"Wredna insynuacja". Sikorski odpowiada Kaczyńskiemu
- To jest oczywiście wredna insynuacja, że rząd polski nie reprezentuje Polaków, tylko jakichś Niemców. Pierwsze słyszę - stwierdził Radosław Sikorski w odpowiedzi na zarzuty prezesa PiS. - Ja nawet nie mówię po niemiecku - dodał szef polskiej dyplomacji na antenie TVN24.
Co musisz wiedzieć?
- Jarosław Kaczyński oskarżył polski rząd o brak suwerenności i tajne rokowania z Niemcami dotyczące relokacji migrantów.
- Radosław Sikorski stanowczo odrzucił te zarzuty, nazywając je "wredną insynuacją" i podkreślając, że nie mówi po niemiecku.
- Sikorski przypomniał, że to Kaczyński miał kiedyś ofertę współpracy z Niemcami, którą odrzucił.
Szef PiS, mówiąc o Polsce, stwierdził, że "nie tak dawno to było suwerenne państwo, które chroniło swoje granice, do którego nie mogli wjeżdżać obcy policjanci bez żadnej kontroli". - Ale, niestety, przyszedł 15 października, później 13 grudnia 2023 r. i to wszystko się zmieniło - ocenił.

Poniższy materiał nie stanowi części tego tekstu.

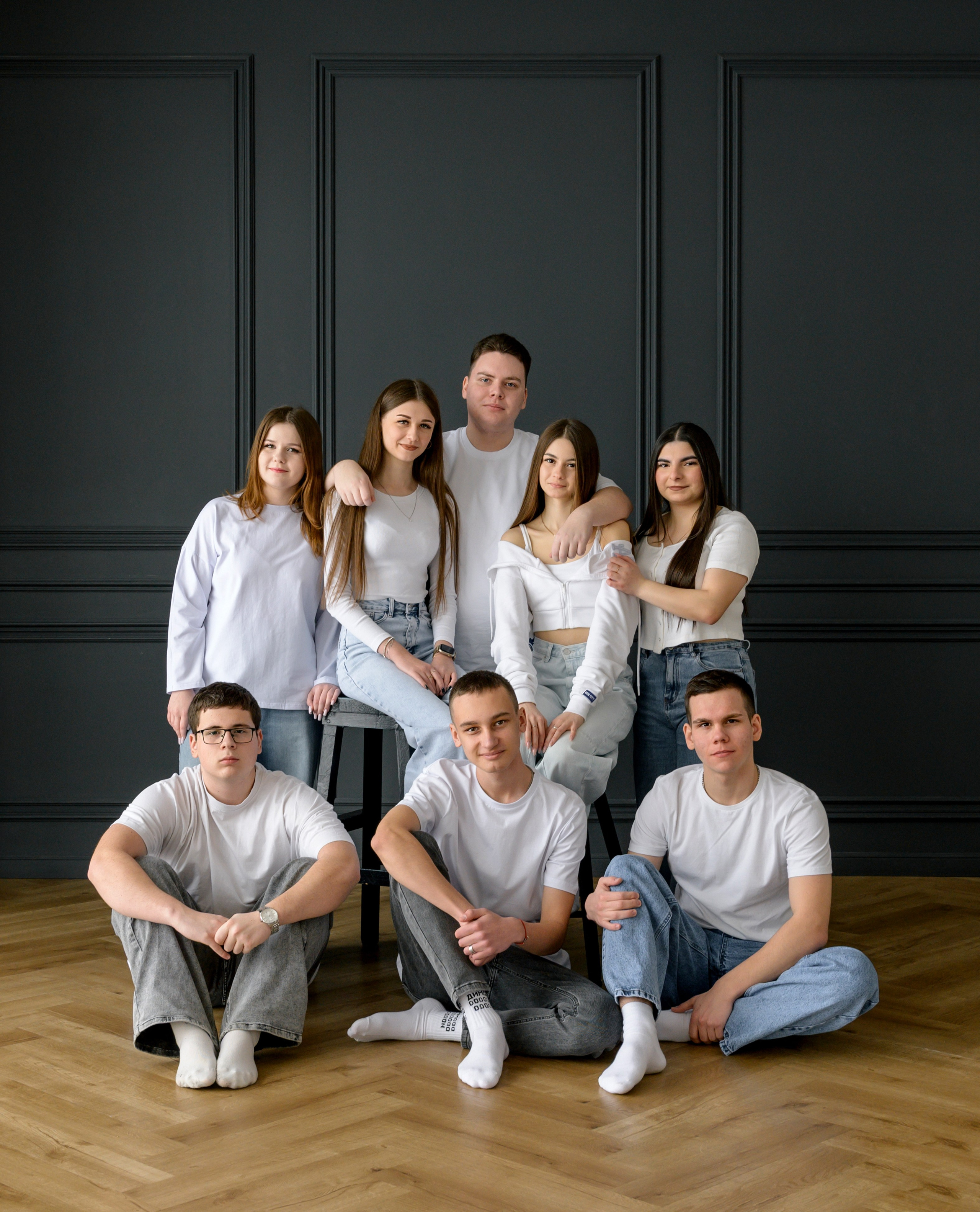 Съемка на выпускные альбомы. Семейный и детский фотограф в Шатках и Арзамасе Александра Магомедова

Według Kaczyńskiego Polacy dowiadują się o tym, co się dzieje wokół Polski, w tym o kwestiach związanych z relokacją migrantów, nie od własnego rządu i od swoich polityków będących przy władzy, ale z niemieckich mediów. - Stamtąd wiemy, że mamy do czynienia z jakimiś tajnymi rokowaniami między Niemcami a częścią państw, które z Niemcami graniczą. Właśnie w tej sprawie, w sprawie przesyłania im tego, co tak mówiąc najprostszym językiem, Niemcy sobie "nabrali" - stwierdził, dodając, że to takie "rokowania" to byłby "kolejny skandal".
Dalsza część artykułu pod materiałem wideo
"Nie mieliśmy wpływu". Skandal po spotkaniu Hołowni na Podlasiu
Sikorski odpowiada Kaczyńskiemu. "Wredna insynuacja"
Na słowa te na antenie TVN24 zareagował szef MSZ Radosław Sikorski. - To jest oczywiście wredna insynuacja, że rząd polski nie reprezentuje Polaków, tylko jakichś Niemców. Pierwsze słyszę - stwierdził Radosław Sikorski w odpowiedzi na zarzuty prezesa PiS. - Ja nawet nie mówię po niemiecku - wskazał.
- Po drugie, proszę pamiętać, że Kaczyński miał ofertę swego czasu w jakimś zamku w NRD. On właśnie się tam naprawdę potajemnie spotykał - dodał minister.
Według relacji Sikorskiego spotkania te miały dotyczyć "współuczestniczenia Polski w kierownictwie Unii Europejskiej". Kaczyński miał natomiast odrzucić te oferty. - On to odrzucił, bo dla niego granie pod publiczkę, straszenie Niemcami jest ważniejsze dla mobilizowania swoich wyborców niż osiąganie ważnych celów dyplomatycznych - podkreślił szef dyplomacji.
- Po trzecie proszę pamiętać, że to u Was w TVN24 pan były minister spraw zagranicznych Jacek Czaputowicz powiedział, że rząd PiS świadomie i celowo przepuszczał tysiące migrantów przez Polskę do Niemiec, sądząc, że to będzie niemiecki problem - dodał Sikorski.